Story Stocks®
Five Below (FIVE) is trading modestly lower today despite handily beating expectations in its Q3 (Oct) report last night. Its EPS upside was the largest in five years, while revenue increased 23.1% yr/yr to $1.04 bln, marking two consecutive quarters of over $1 bln in sales. The company also raised its FY26 guidance for EPS, revenue, and comps to $5.71-5.89, $4.62-4.65 bln, and +9.4-10.1%, respectively, which were above expectations.
- Comp sales increased +14.3%, marking a continued acceleration qtr/qtr (+7.1% in Q1; +12.4% in Q2), driven by a fairly even split between transactions and ticket.
- Notably, the growth was widespread across departments, new and retained customers, and across all household income cohorts, supporting the idea that value remains paramount heading into the holidays.
- The company has been working to align more closely with trends, improve in-stocks, simplify pricing, and offer stronger value across a wider range of price points, efforts that are resonating with its core Gen Alpha, Gen Z, and Millennial customers.
- The raised guidance also reflects expectations for a strong holiday season. Management noted that traffic growth strengthened as the quarter went on and exited the period with traffic growth at the highest month-over-month level it had seen.

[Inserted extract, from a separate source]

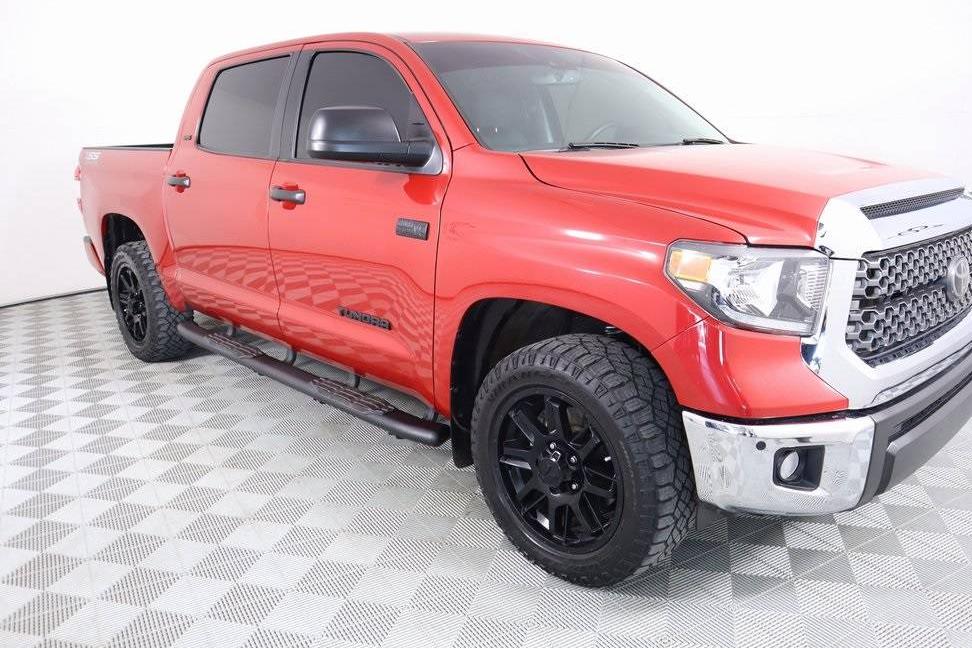 TOYOTA TUNDRA 2021 5TFEY5F10MX284416 image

Briefing.com Analyst Insight
This was a standout quarter for FIVE, its strongest of the year, with accelerating comps and broad-based customer engagement. The company continues to execute well on trend alignment, marketing effectiveness, and value positioning, all of which are clearly resonating with its core demographics. Management also struck a positive tone on holiday demand, supported by improving traffic trends throughout the quarter and into early Q4. Despite the strength, the muted stock reaction likely reflects its sharp run from April lows, a nice move heading into the report, and the proximity to its 52-week high, which it surpassed before pulling back. Overall, the results reinforce that consumers are still seeking value, and FIVE appears well positioned heading into the holiday season, which is traditionally its biggest quarter of the year.